Amazon Web Services (AWS) Outage

Incident Report for UC Davis

Postmortem

On February 28, 2017, UC Davis experienced an outage of several critical campus computing services. The outage was caused by an Amazon Web Services outage that underlies and supports all these services.

One of the affected services is our learning management system, Canvas, hosted by instructure.com. They provided the following incident report that we are sharing with you.

Canvas Incident Report

Many users were unable to access or use Canvas for three and a half hours because of a large-scale Amazon Web Services networking issue on 28 February, 2017 Summary

Canvas users on accounts in our US-based Amazon Web Services (AWS) hosting region could not access or use Canvas for three and a half hours between 10:40 AM Mountain Time (12:40 PM Eastern Time / 9:40 AM Pacific Time) and 2:10 PM US Mountain Time (4:10 PM ET / 1:10 PM PT) on 28 February, 2017.

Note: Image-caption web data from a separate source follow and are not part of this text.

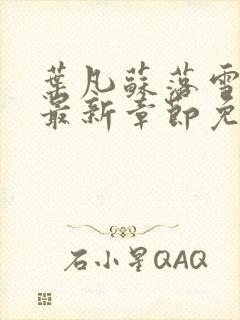 叶凡苏落雪全文最新章节免费阅读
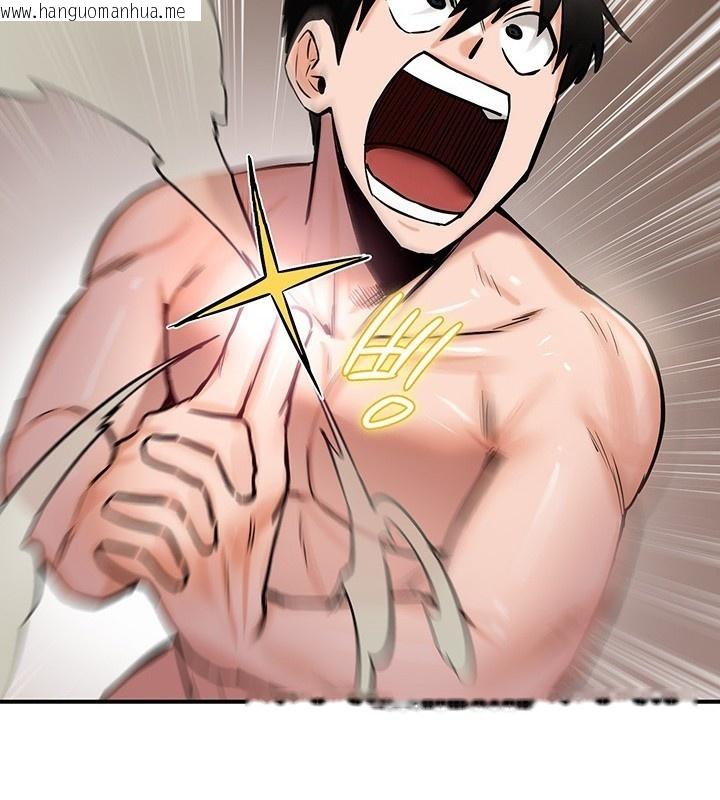 韩国漫画重生士兵的雌性征服日志!/异世界重生之后宫养成记韩漫_重生士兵的雌性征服日志!/异世界重生之后宫养成记-第52话在线免费阅读-韩国漫画-第28张图片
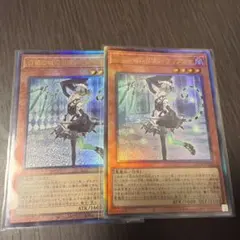 白銀の白の召使　アリアンナ　レリーフ2枚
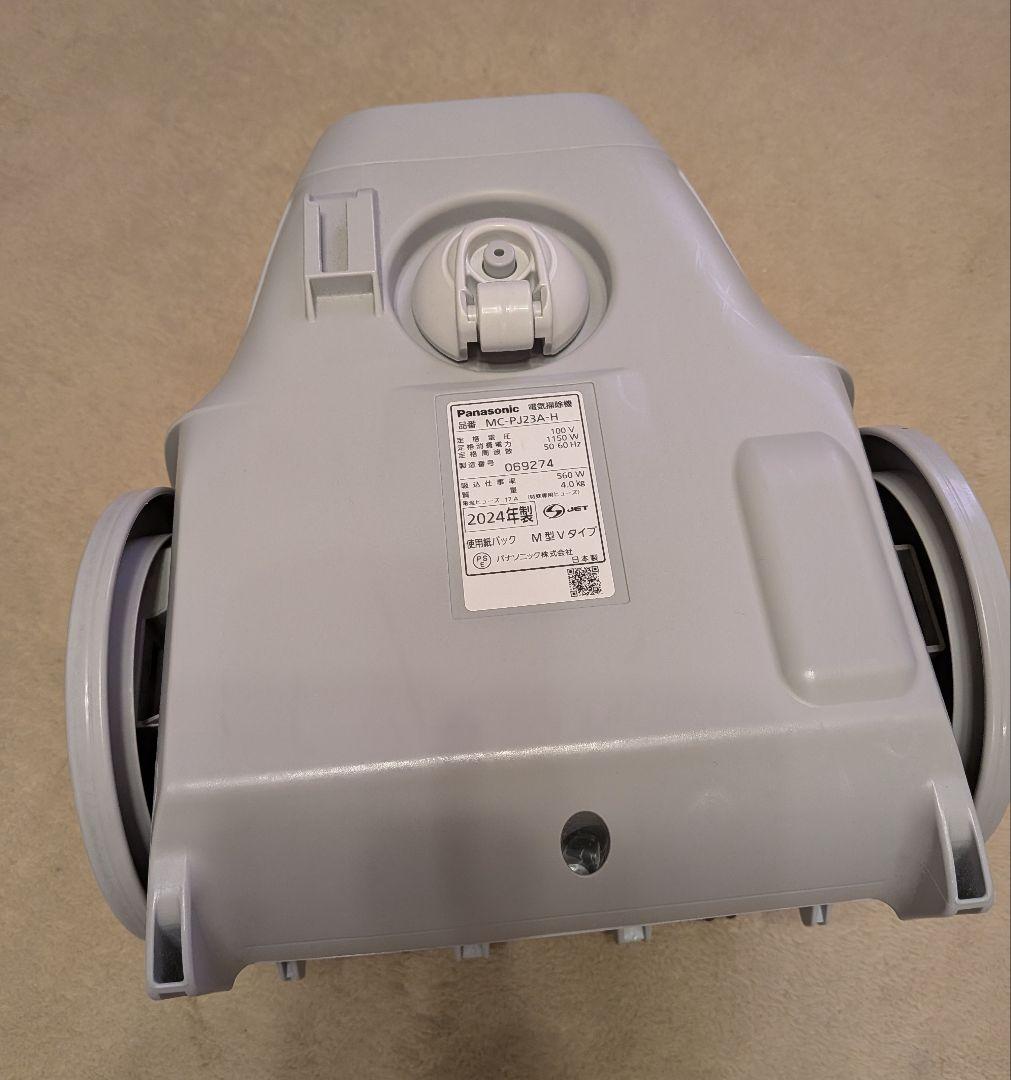 パナソニック 電気掃除機(家庭用) MC‐PJ23A ライトグレー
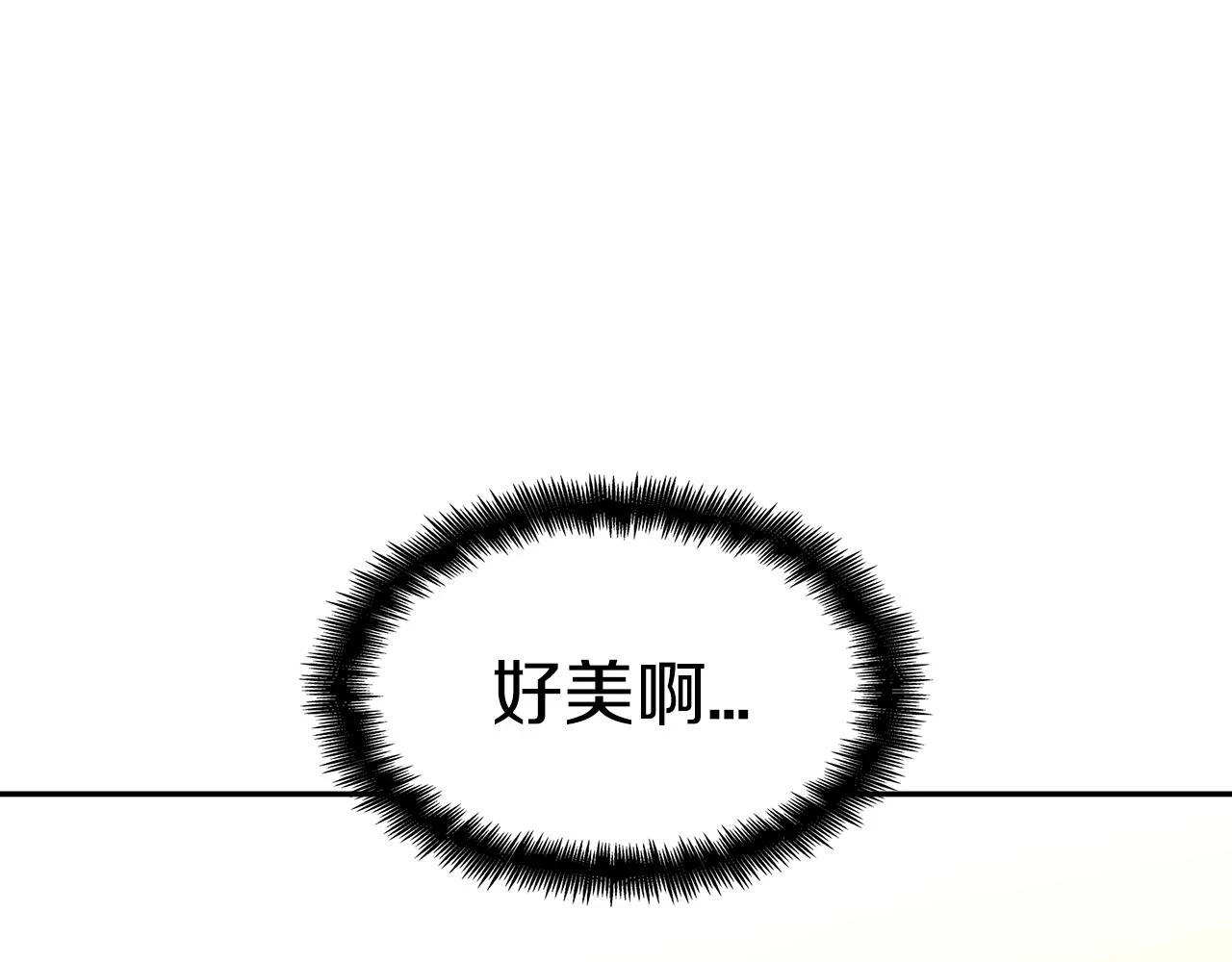 白龙公爵佩德·莱欧漫画,第66话 上马！3图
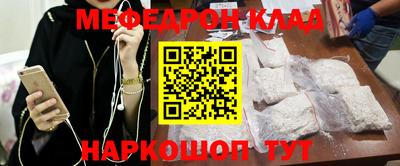 каннабис Краснодар
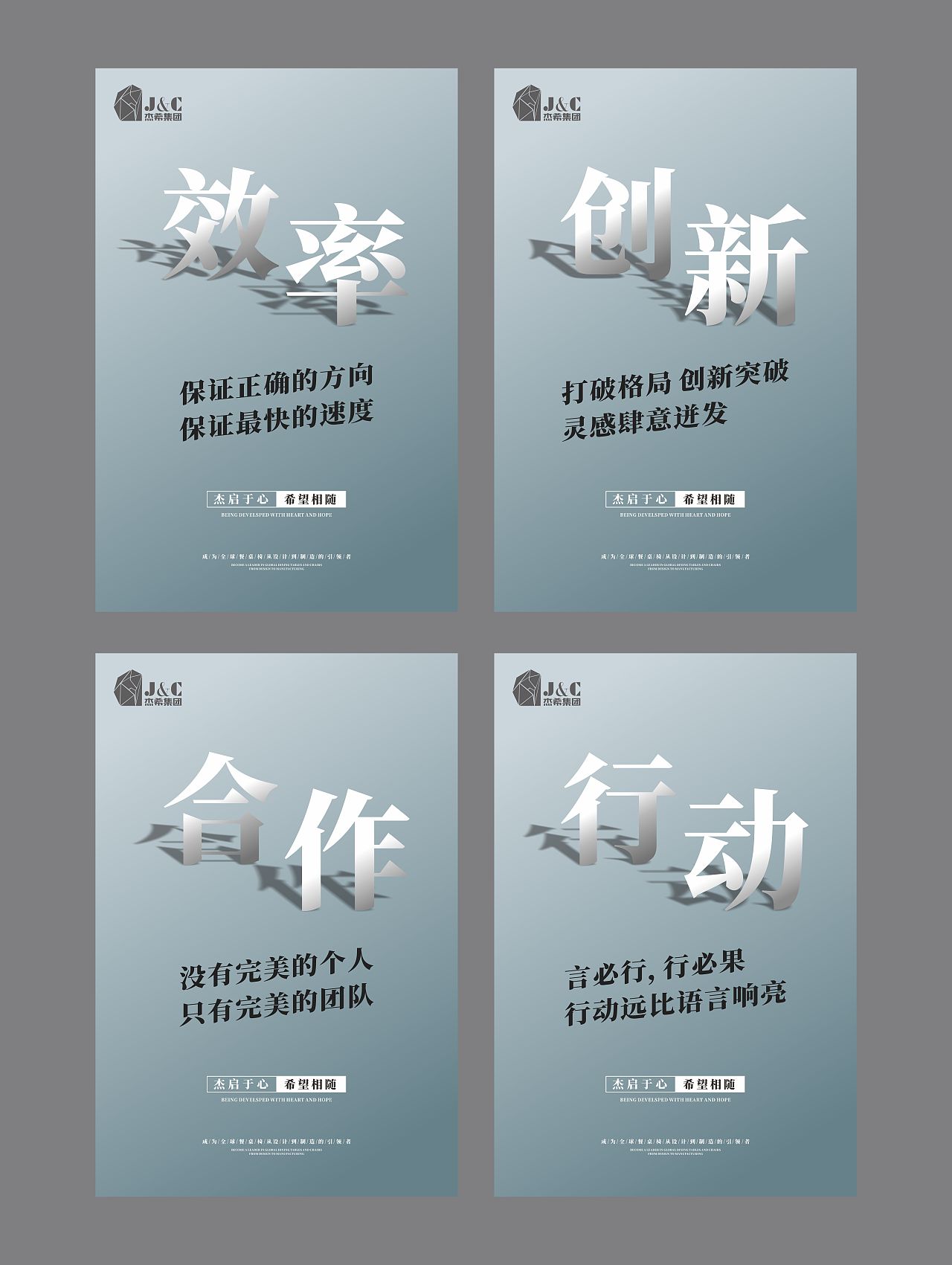 高端文化墙设计,简约大气企业文化墙排版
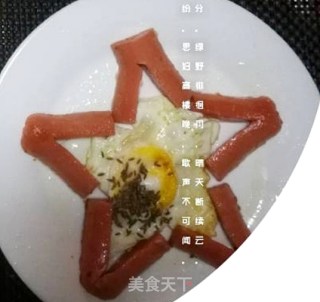 五角星煎蛋的做法步骤：8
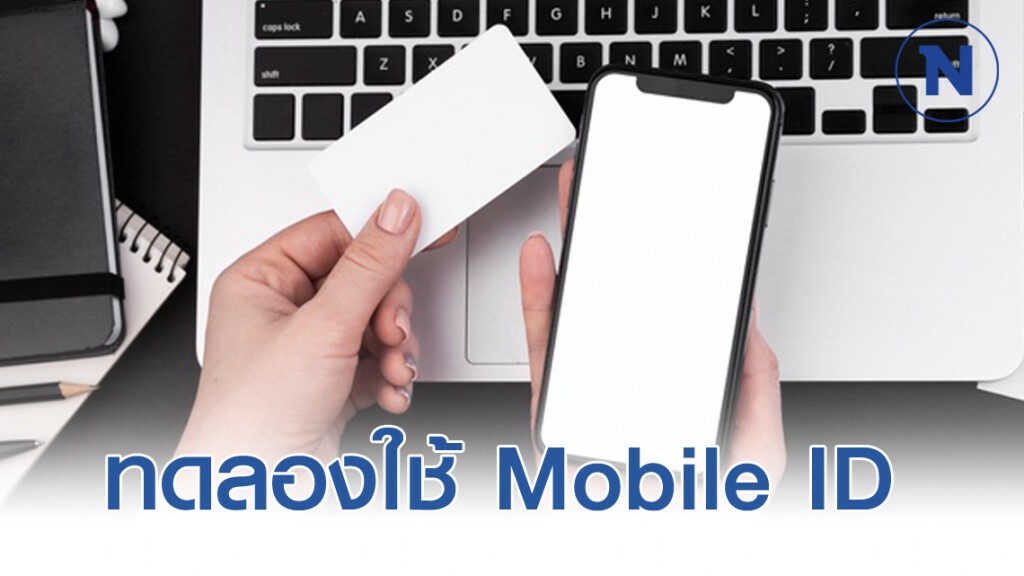 กสทช. จับมือรัฐ-เอกชน ทดลองใช้ Mobile ID 'แทนบัตร'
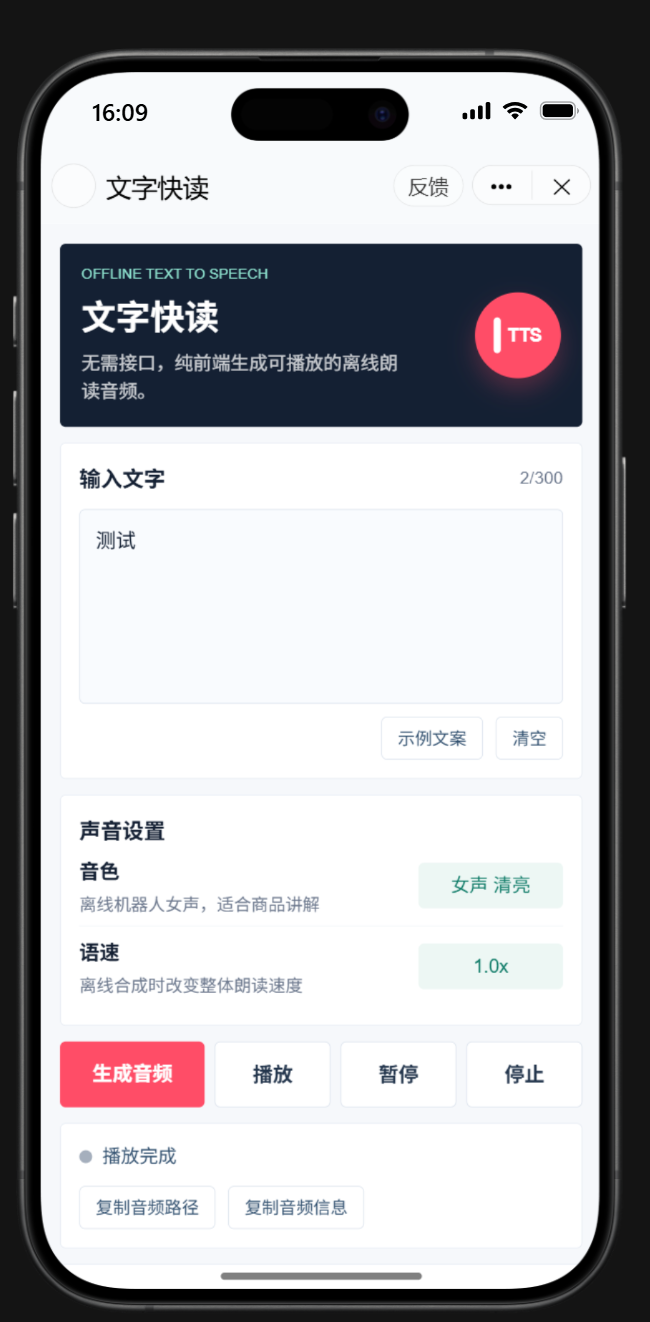 抖音小程序 - 文字转语音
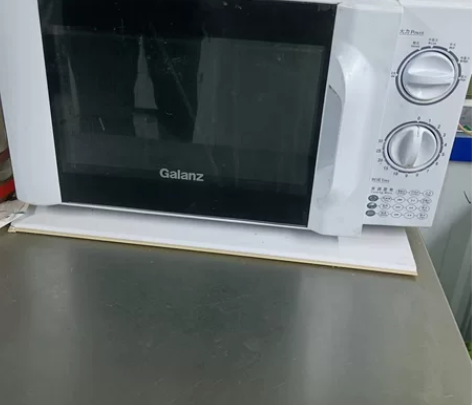 格兰仕微波炉，自提 感兴趣的话点“我想要”...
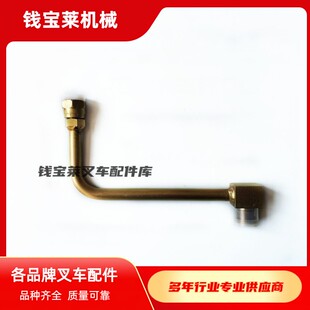 NICHIYU力至优叉车配件 14504-42820 油管(中缸) 质量优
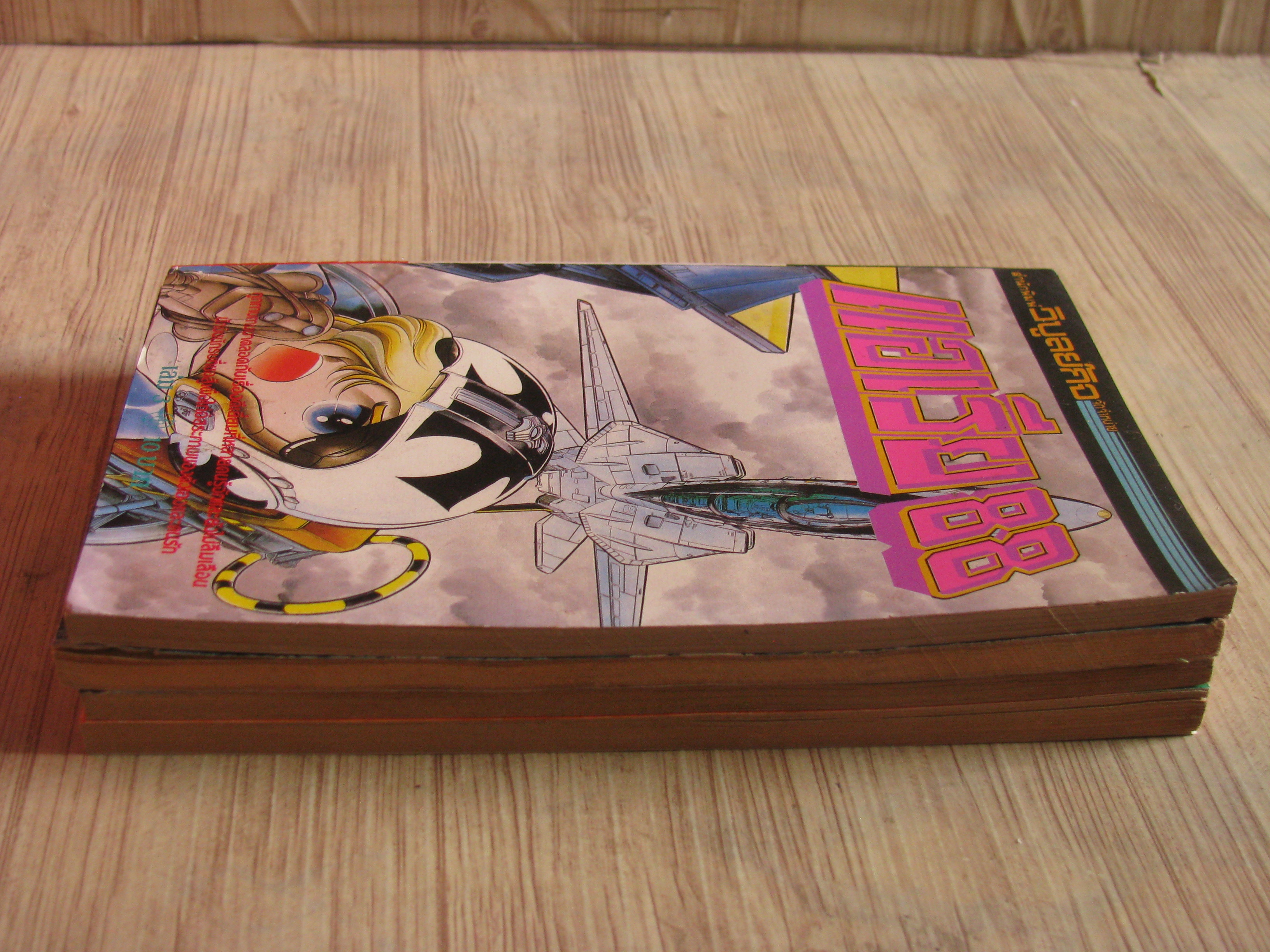 แอเรีย 88 ชุด เล่ม 3,7,8,10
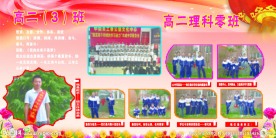 学校班级展板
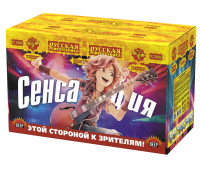 Сенсация  — Римская свеча: Абаза | abaza.piro.ru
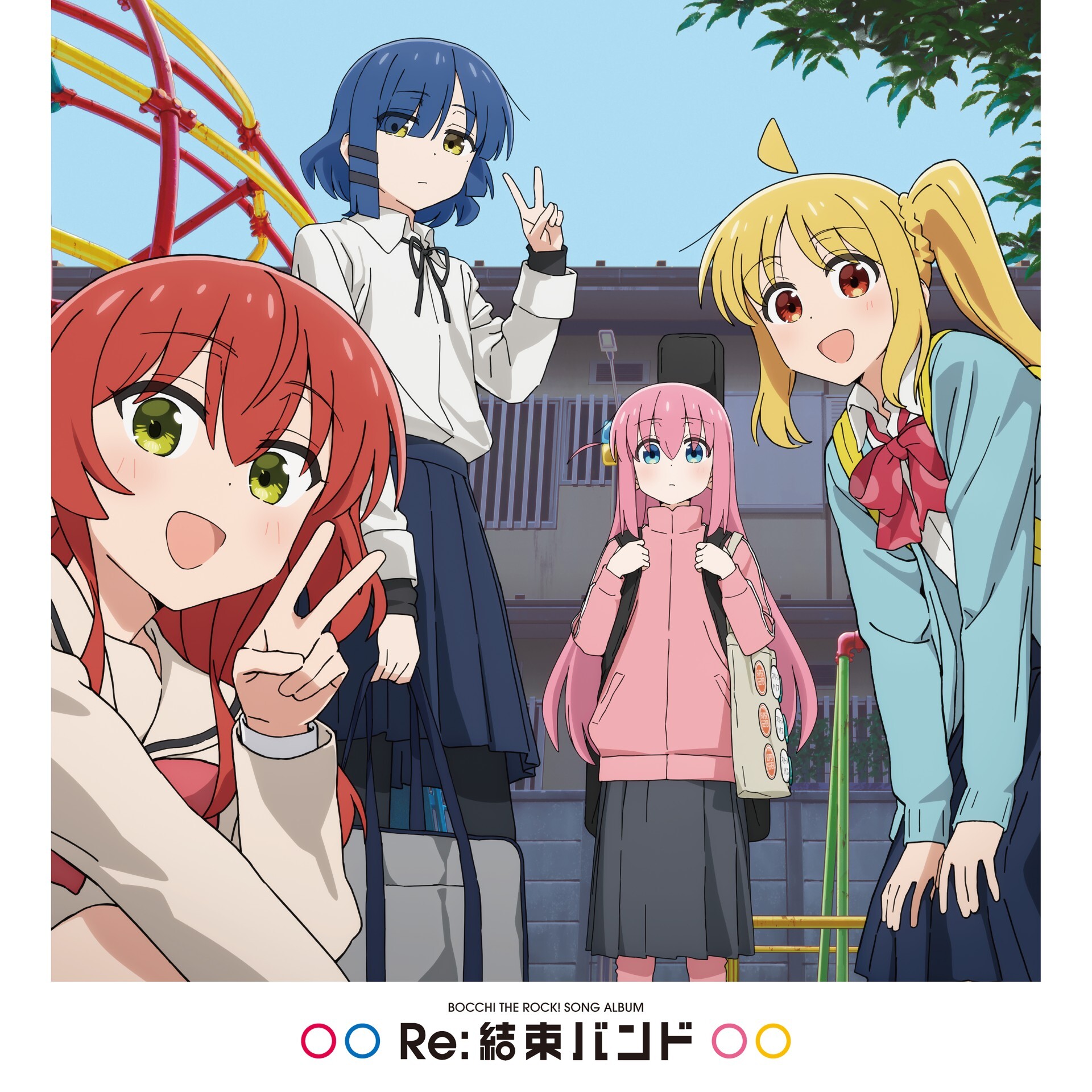 Re:結束バンド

The root cause of this incident was a large-scale AWS event that affected Canvas and many other websites and web applications. We apologize for the impact today’s downtime had on your users. We are working with AWS to understand what happened to their infrastructure today and what we can do to limit our exposure to any future, similar events.

Details

At 10:40 AM US Mountain Time, Canvas users in US-hosted accounts began to experience significant slowness and error messages in Canvas. Automated monitoring alerted our DevOps team immediately, and an influx of Support tickets confirmed that the issue was widespread and impacting users in a meaningful way.

DevOps quickly worked through their protocol for triaging critical system issues. They ruled out everything to do with Canvas itself and noted signs of system stress that pointed to a problem in the AWS hosting environment. They also noticed problems with many non-Canvas websites and web applications that are also hosted on AWS. About this time, AWS confirmed that the problem was on their side with the first of a series of updates on their own status page.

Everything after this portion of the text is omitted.